7. ANAK TAK DIBIASAKAN MEMILIH
Di usia 4 tahun, anak mulai punya dorongan untuk melakukan apa-apa
sendiri. Mereka berada pada tahap otoritas atau ingin menunjukkan siapa
aku. Kemampuan kognitif yang meningkat dengan cepat juga mendorong
mereka untuk selalu ingin melakukan apa-apa sendiri. Tetapi karena masih
belajar, tentu butuh bimbingan orang tua. Yang paling baik, anak
diberikan pilihan-pilihan, lalu diajarkan bertanggungjawab pada
pilihannya. Namun yang kerap terjadi, orang tua justru bertindak
sebaliknya.
Segala sesuatu untuk anak dipilihkan dan diputuskan
sendiri oleh orang tua tanpa melibatkan anak. Sikap orang tua yang
seperti ini sungguh tak baik dampaknya buat perkembangan anak. Salah
satunya, anak jadi tak bisa menentukan pilihan. Ia cenderung mengekor
pada pilihan dan keputusan orang lain. Kasihan, bukan?
TINDAKAN YANG BENAR:
Penting mengajari anak untuk memutuskan pilihannya sendiri. Contoh,
memilih baju yang akan dipakainya setelah mandi, pergi ke mal, atau baju
tidur. Bila orang tua khawatir pilihan anak tidak cocok, maka orang tua
bisa memberikan beberapa alternatif pilihan, "Kakak mau pakai kaos
merah atau blus kembang-kembang kuning ini?"
Tentunya, untuk
hal-hal yang sifatnya berbahaya, orang tua tak bisa memberikan pilihan.

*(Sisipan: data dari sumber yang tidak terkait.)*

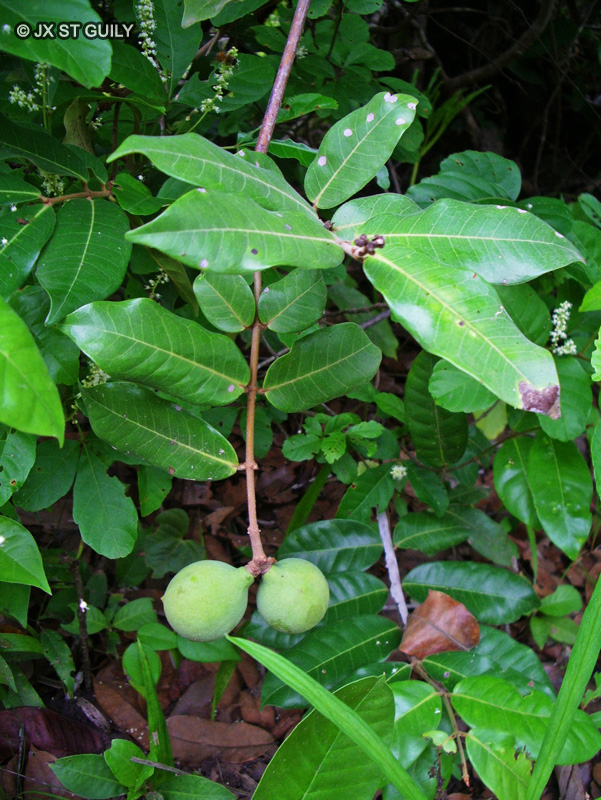 Apocynaceae - Saba comorensis - Saba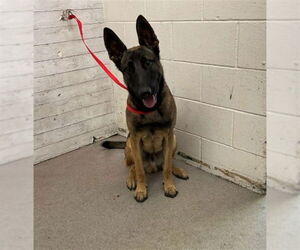 Mutt Dogs for adoption in San Bernardino, CA, USA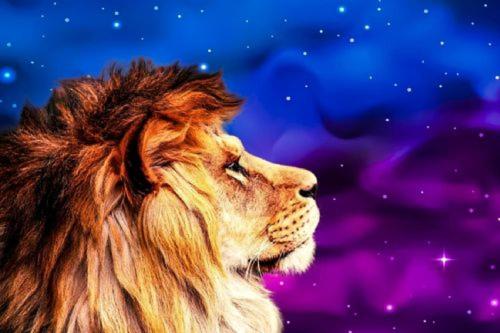 غرفة قياسية فردية, Hostal El Molino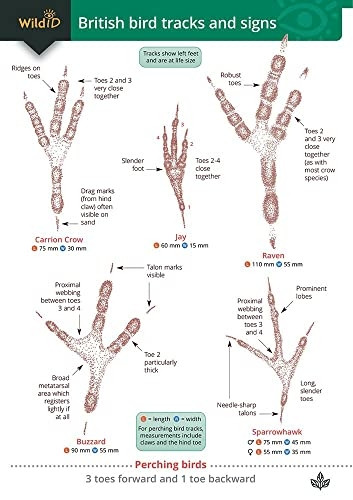 Guide to British bird tracks and signs: 2019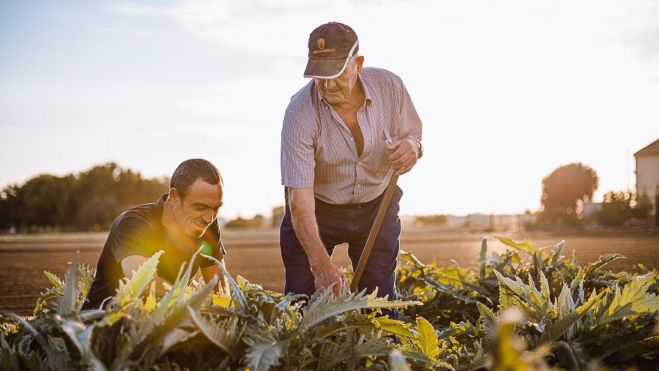 Un agricultor trabaja en la huerta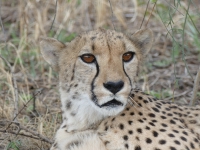 Kalender 25 - best of 2023 + 2024. %!s(<nil>)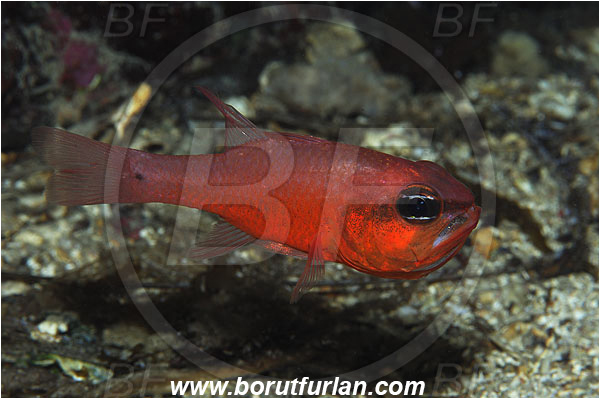 Island Susac, Croatia, Adriatic sea, Mediterranean sea, Apogon imberbis, Apogon, Apogonidae, Mediterranean cardinalfish, Cardinalfish, Fish, Male, Eggs in mouth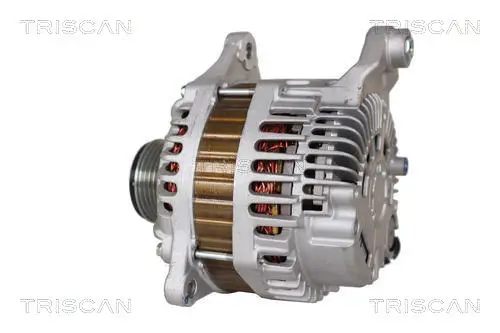 Generator 14 V TRISCAN 8310 14013 Bild Generator 14 V TRISCAN 8310 14013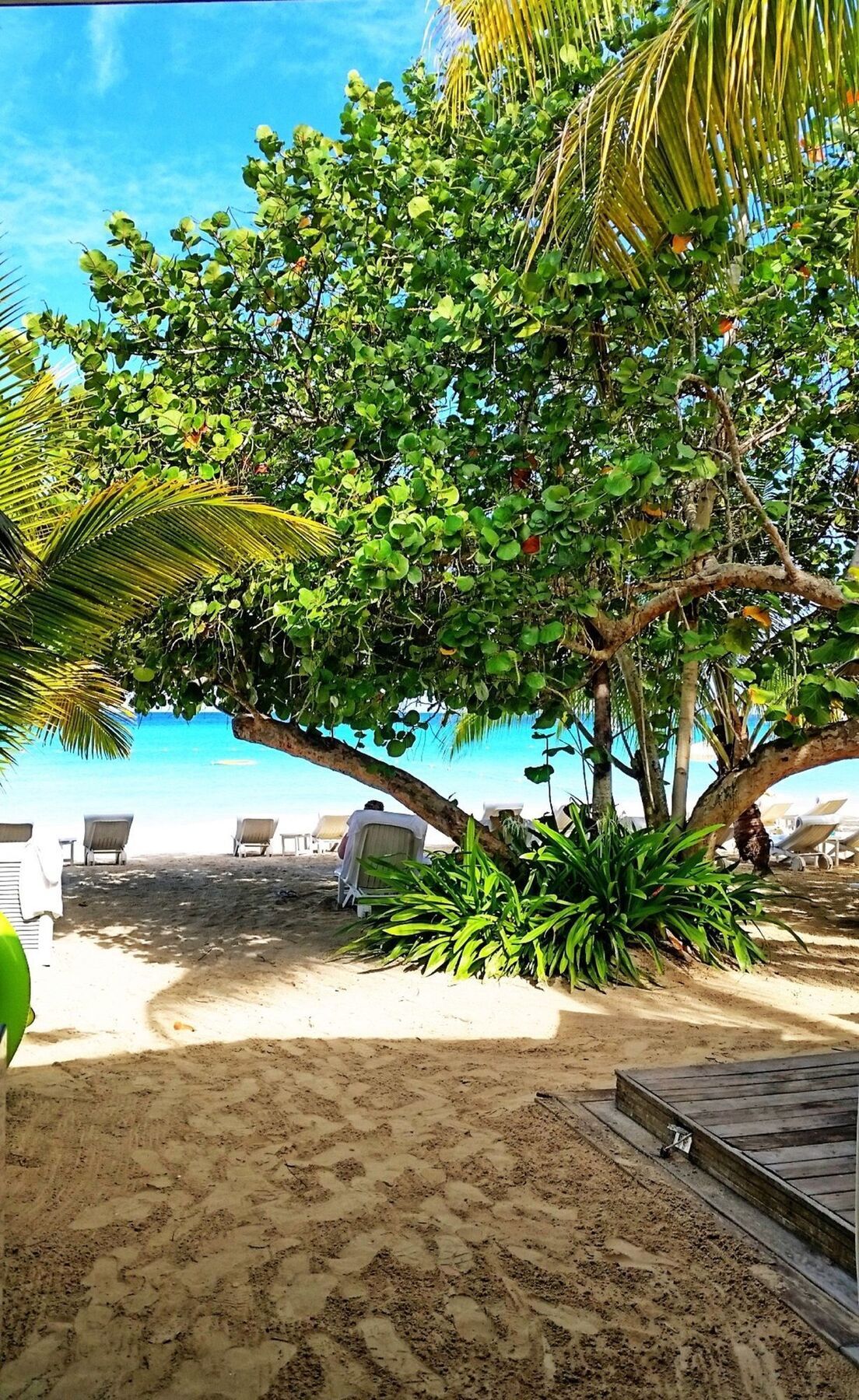Idle Awhile 3* Negril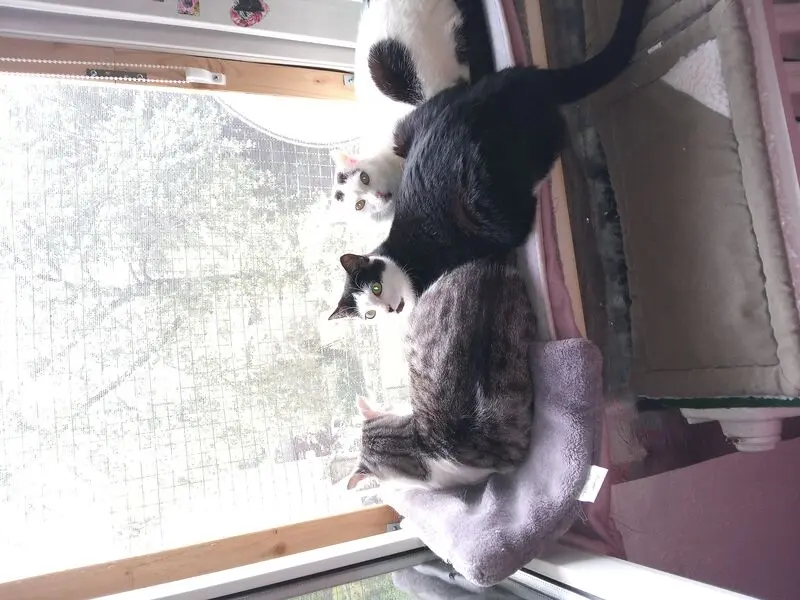 Andachtsbild von Meine kleine Missyle ♥️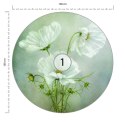 Fototapeta Okrągła Urok Kosmosu Autorstwa Mandy Disher Fototapeta Okrągła Urok Kosmosu Autorstwa Mandy Disher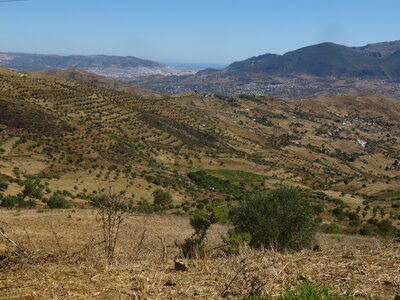 2024 Maroc, 05995 entre Lahcen et Tétouan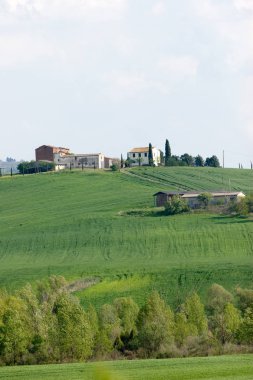 Val d'orcia alan yeşil çayırlar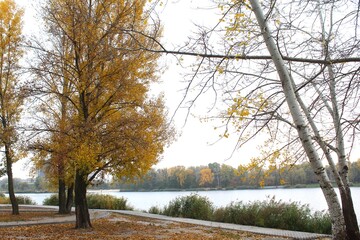 Fototapeta premium autumn landscape lake in the autumn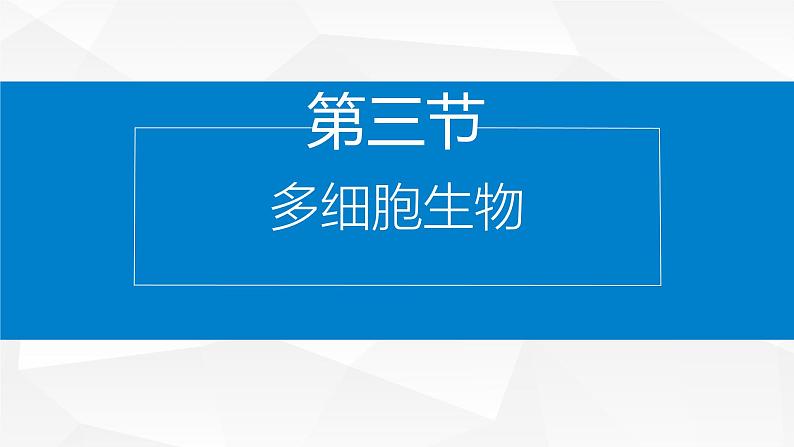 1.2.3 多细胞生物 课件---2024-2025学年苏教版（2024版）七年级生物上册第1页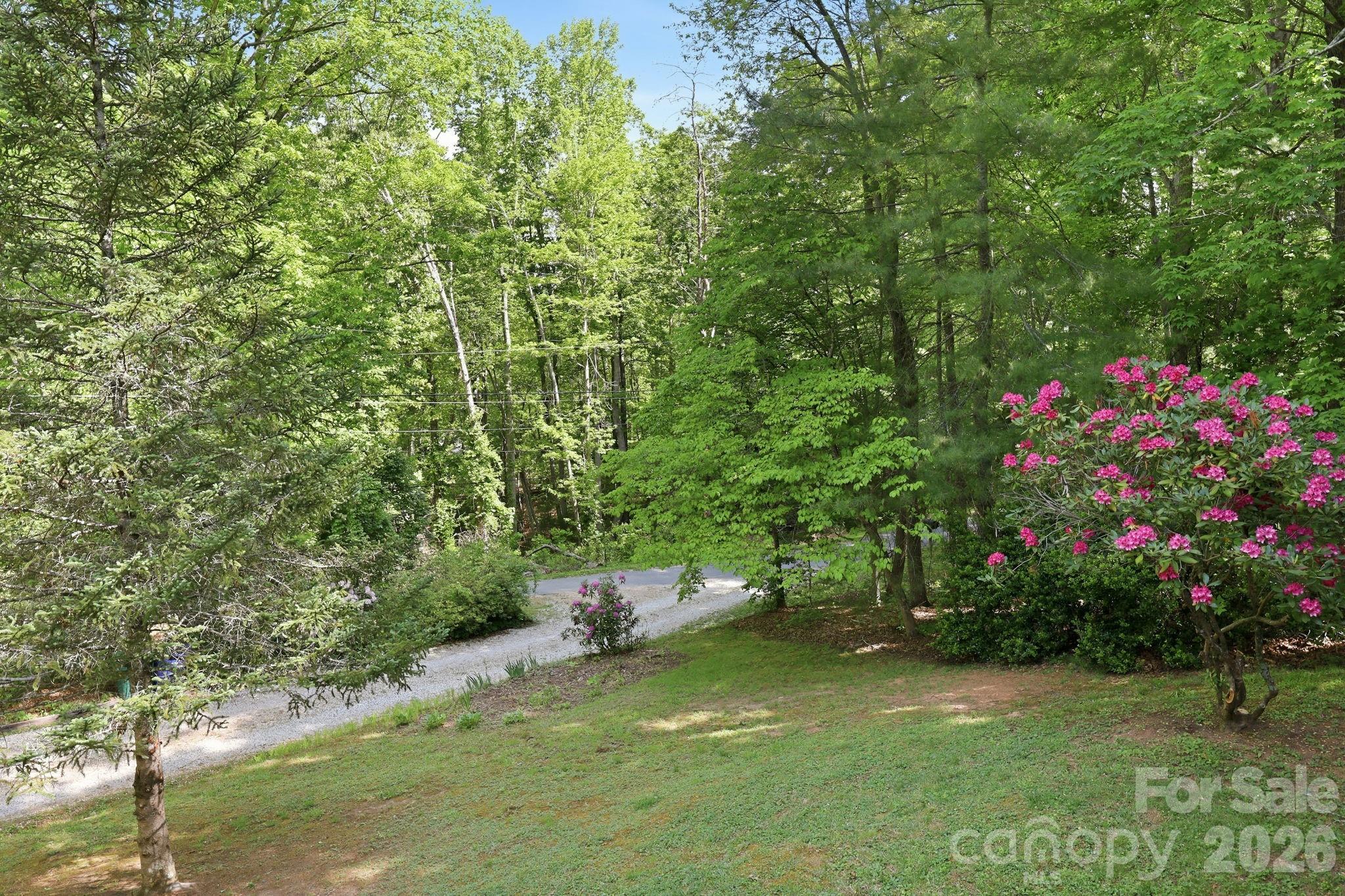 1 Mountain Heritage Place Property Photo 47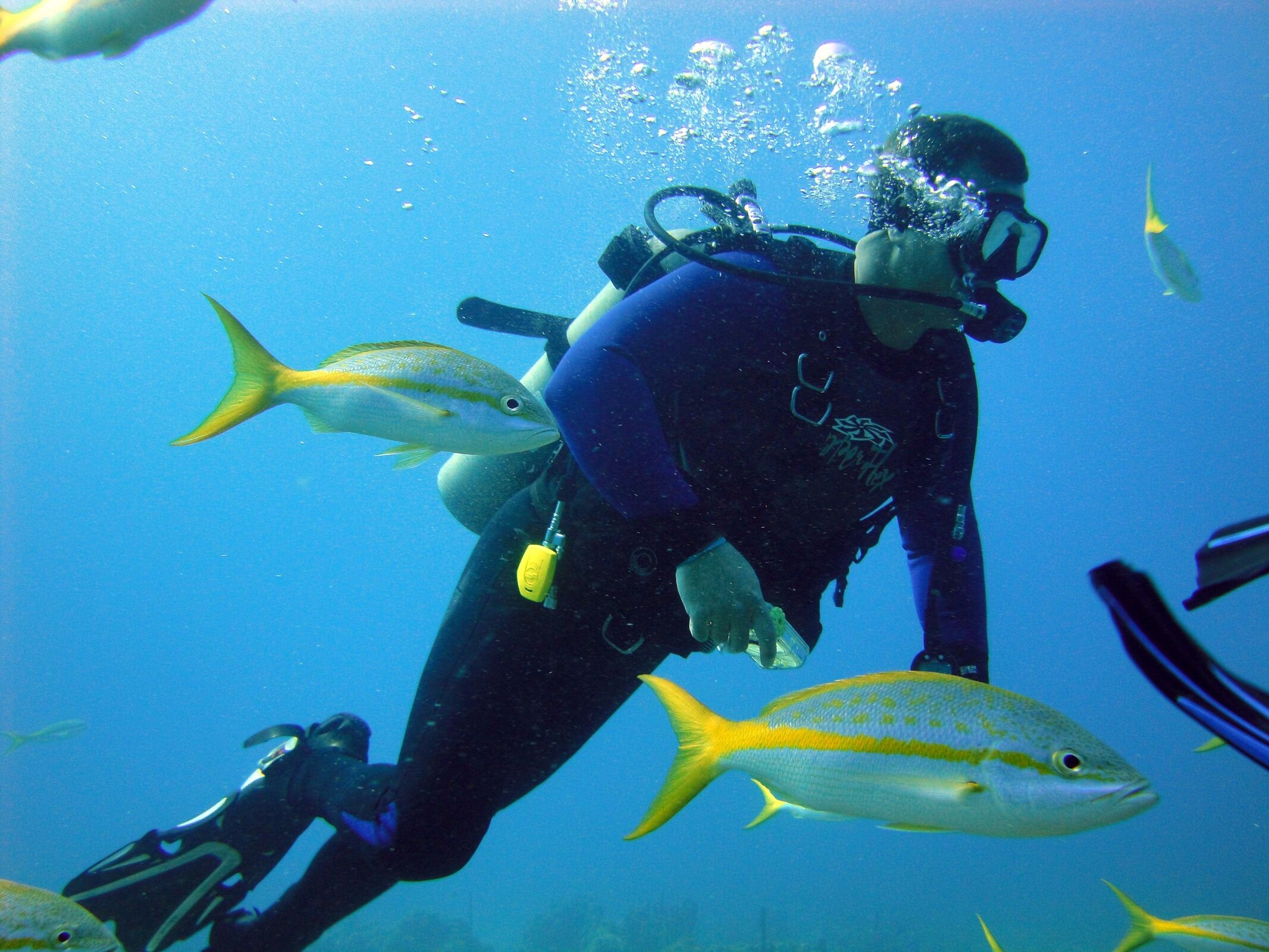 Scuba Diving in Jamaica: Explore Montego Bay’s Marine Park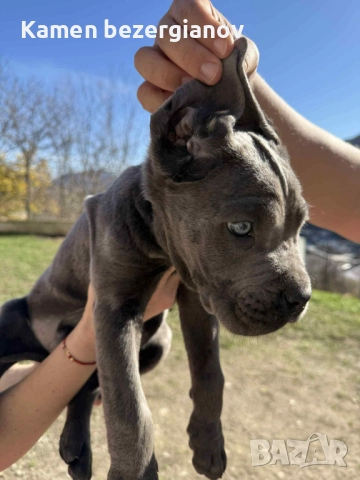 Кане Корсо Смолян , снимка 6 - Кане корсо - 52457720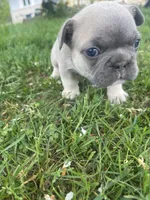 Pibbles, a male French Bulldog for sale in Prairie du Chien, WI – 4 of 5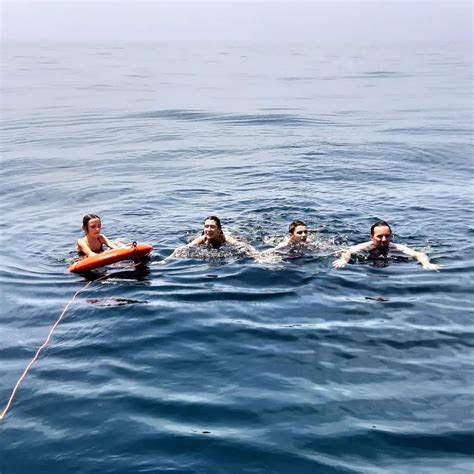 Sailing Sim 的图像结果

Tetapi anak harus dijelaskan, mengapa ia tak boleh bermain dengan
menggunakan gunting milik orang tua, misal. Kemudian berikan
alternatifnya, yaitu gunting yang dirancang khusus untuk anak. Tetapi
bermainnya dengan didampingi orang tua.
Dengan begitu, anak
terpuaskan. Dia pun tahu, mengapa ada hal-hal yang boleh dan tidak
boleh, terutama yang berkaitan dengan keselamatan. Bila perlu, buatlah
daftar hal-hal yang masih bisa dikompromikan dan yang tidak. Jabarkan
semuanya kepada anak. Dari sini anak bisa melihat, "Meski aku enggak
boleh melakukan A, tetapi aku boleh melakukan B." Anak juga belajar,
tidak semua yang diinginkannya akan dia peroleh.
Memberikan
kesempatan memilih pada anak bukan cuma mengajarkan kemandirian, tetapi
juga membuat anak merasa dihargai karena boleh memilih dan dipercaya
menjalankan pilihannya. Dengan terbiasa diberi pilihan, anak juga akan
belajar bertanggungjawab pada pilihannya. Lambat laun, ia pun mengasah
kemampuannya untuk memutuskan sesuatu dengan lebih baik.